Silberfasern von X-STATIC werden mittlerweile seit etwa zehn Jahren vorwiegend im industriellen und medizinischen Bereich eingesetzt und seit kurzem hat auch der durchschnittliche Konsument die Möglichkeit von der Faser mit deren antimikrobiotischer Wirkung zu profitieren.

(Bild: Quelle: X-STATIC „THE SILBER FIBER“Broschüre)
Doch nicht nur die Bekämpfung geruchsbildender Bakterien und der für Fußpilzerkrankungen verantwortlichen Pilze zeichnen diese Fasern aus, sondern auch deren therapeutische Eigenschaften, da Silber die höchste Leitfähigkeit besitzt.
Zudem sind Silberfasern für den menschlichen Organismus unbedenklich, da sie absolut natürlich, ungiftig, frei von Chemie oder pestiziden Rückständen sind.

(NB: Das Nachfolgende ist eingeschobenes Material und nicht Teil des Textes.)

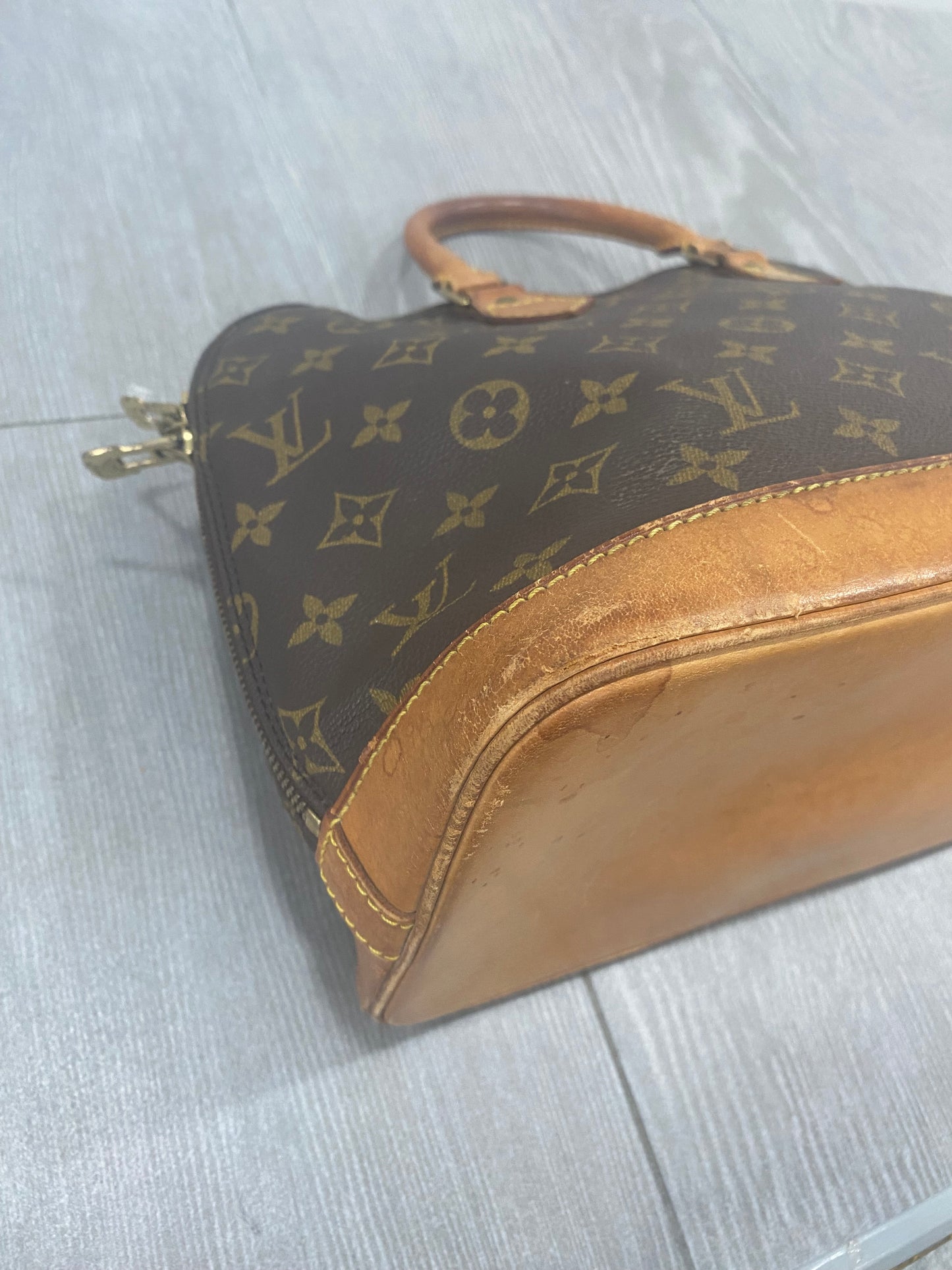 Louis Vuitton Alma PM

Weltweit angesehene Einrichtungen wie zum Beispiel die NAMSA[11], eines der renommiertesten unabhängigen Labors der Vereinigten Staaten, welches sowohl von der EPA[12] als auch von der FDA[13] zertifiziert ist, können aufgrund ihrer Untersuchungen die antibakterielle Wirkung der Silberfaser von X-Static belegen.
Zu guter Letzt sind noch die antistatische Wirkung der Faser und die guten bekleidungsphysiologischen Eigenschaften zu betonen.

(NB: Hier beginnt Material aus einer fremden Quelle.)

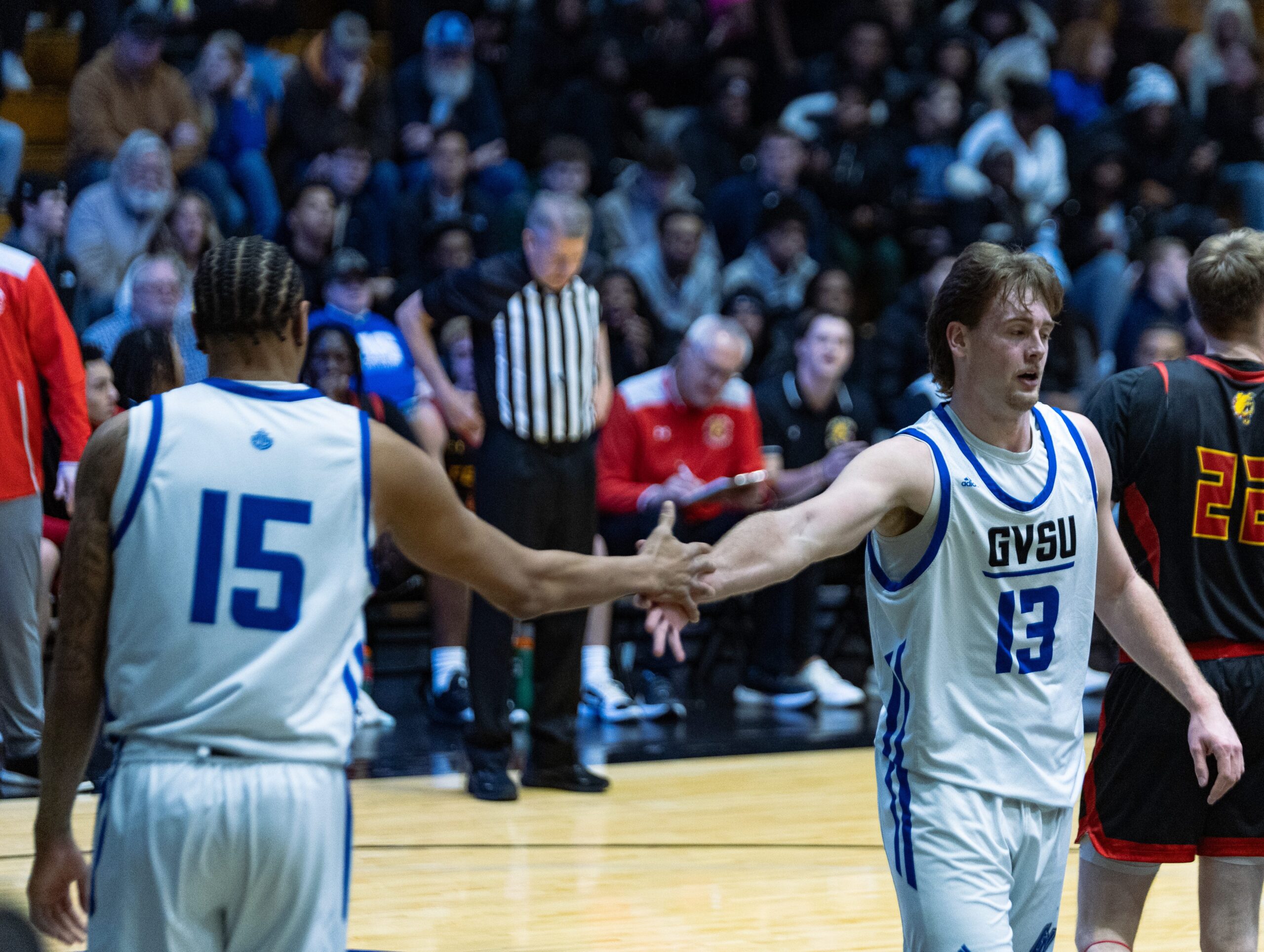 Last-second 3-pointer by Tech sinks GVSU men's basketball in NCAA second-round stunner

Neben Bakterien verursachen auch Ammoniak und denaturierte Proteine unangenehme Gerüche.
Aus diesem Grund ist zu berücksichtigen, dass “antimikrobiotisch“ nicht immer gleich identisch ist mit “antigeruchsbildend“. Silberfasern allerdings haben den Vorteil, dass sie beide Komponenten abdecken. Sie wirken folglich sowohl antimikrobiotisch als auch antigeruchsbildend, da Ammoniak und denaturierte Proteine mit Silber eine chemische Verbindung eingehen und damit einer Geruchsbildung unmittelbar entgegen wirken.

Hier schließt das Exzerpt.